Ein Regierungschef könnte natürlich auch – verantwortungsvoll – ganz anderes verkünden: Dass Österreich unterm Strich nicht nur von EU-Mitgliedschaft und Osterweiterung nachweislich profitiert, sondern auch ein großer Gewinner der Globalisierung ist. Das hat die seriöse Bertelsmann-Stiftung erst jüngst nachgewiesen. Globalisierung bedeutet für uns höheres Wirtschaftswachstum und Einkommensgewinne.

Würden wir die starke internationale Verflechtung des Landes lösen, dann wäre das ein riesiger Rückschlag für die Exportnation Österreich, mehr noch: Selbstmord aus Dummheit. Wir haben unglaubliche 190 "Hidden Champions", also Firmen, die sich weltweit oder in Europa unter den ersten drei ihrer Branche befinden, etwa den Liftbauer Doppelmayr oder die Linzer voestalpine.

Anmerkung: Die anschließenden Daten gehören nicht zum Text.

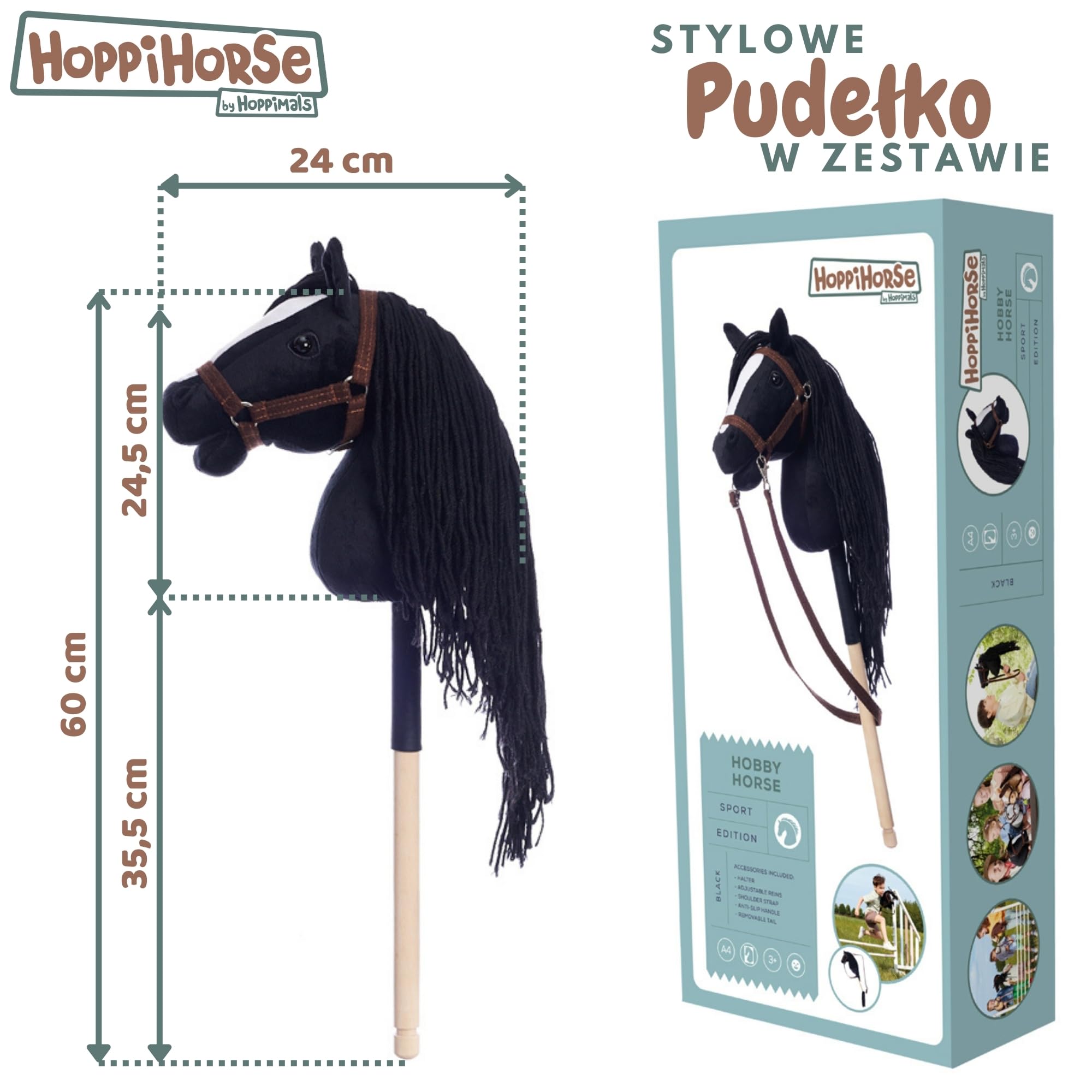 HOPPIHORSE - Hobby Horse Sport Edition A4, Koń na kiju z kantarem, wodzami, paskiem na ramię, ogonem i uchwytem silikonowym, wysokiej jakości pluszowy Hobby Horse w pudełku prezentowym od HOPPIMALS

Wenn Internationalität, Risiko und Unternehmertum aber als Problem betrachtet werden, dann ist das irgendwann kein guter Boden mehr, auf dem die Wirtschaft wachsen kann. Und niemand soll behaupten, dass das den kleinen Mann/die kleine Frau nicht trifft: Das bedeutet tausendfachen Arbeitsplatzverlust und – wegen fehlenden Wettbewerbs – noch höhere Konsumentenpreise. Wollen wir das wirklich?